===== SOURCE MATERIAL

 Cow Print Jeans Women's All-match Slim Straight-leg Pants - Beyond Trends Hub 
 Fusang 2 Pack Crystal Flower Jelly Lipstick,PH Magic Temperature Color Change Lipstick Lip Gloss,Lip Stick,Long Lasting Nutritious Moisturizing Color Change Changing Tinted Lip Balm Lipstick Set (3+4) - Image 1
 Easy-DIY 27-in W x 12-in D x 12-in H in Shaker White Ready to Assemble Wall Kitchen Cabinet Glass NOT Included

==========
===== SOURCE MATERIAL

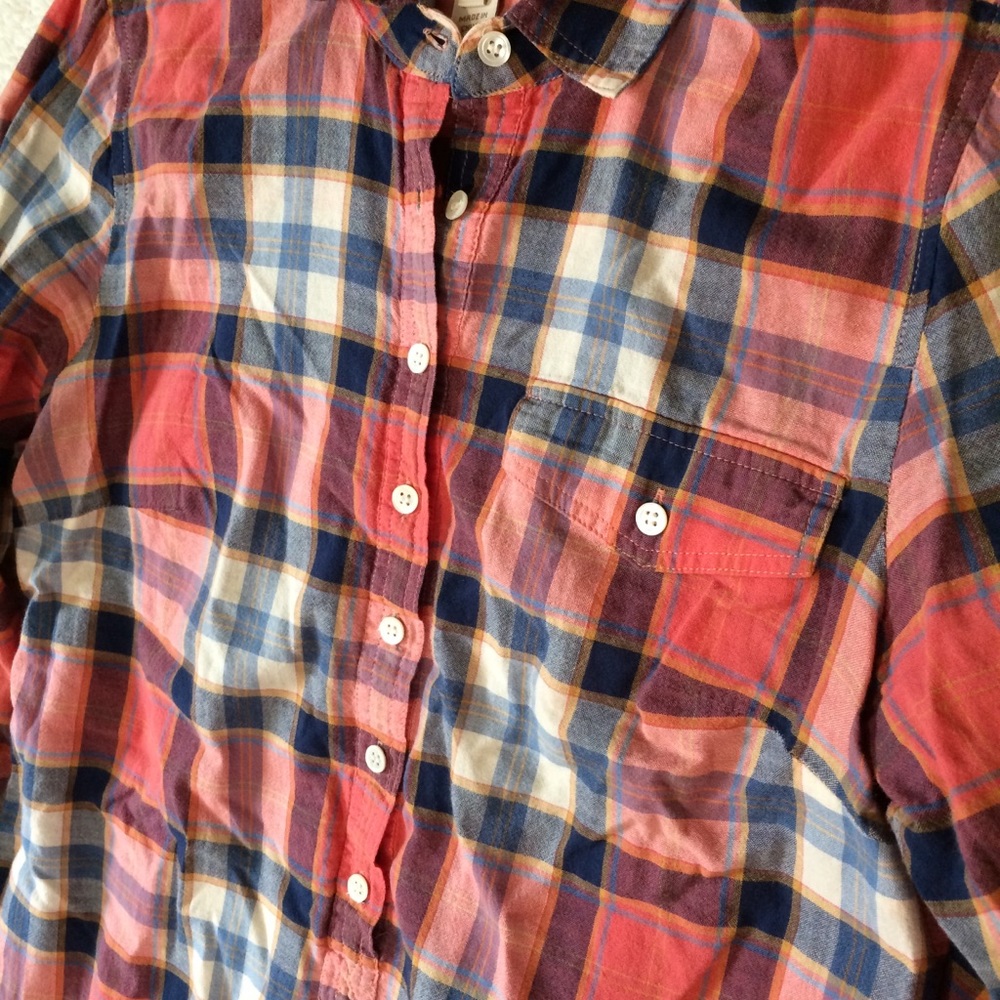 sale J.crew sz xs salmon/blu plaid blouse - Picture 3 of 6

==========

- [WORK ITEM]: From the entries above, return exactly the line containing "Fusang 2 Pack", the line containing "Easy-DIY 27-in W", and all lines between, and nothing else.

- [REPLY]:
 Fusang 2 Pack Crystal Flower Jelly Lipstick,PH Magic Temperature Color Change Lipstick Lip Gloss,Lip Stick,Long Lasting Nutritious Moisturizing Color Change Changing Tinted Lip Balm Lipstick Set (3+4) - Image 1
 Easy-DIY 27-in W x 12-in D x 12-in H in Shaker White Ready to Assemble Wall Kitchen Cabinet Glass NOT Included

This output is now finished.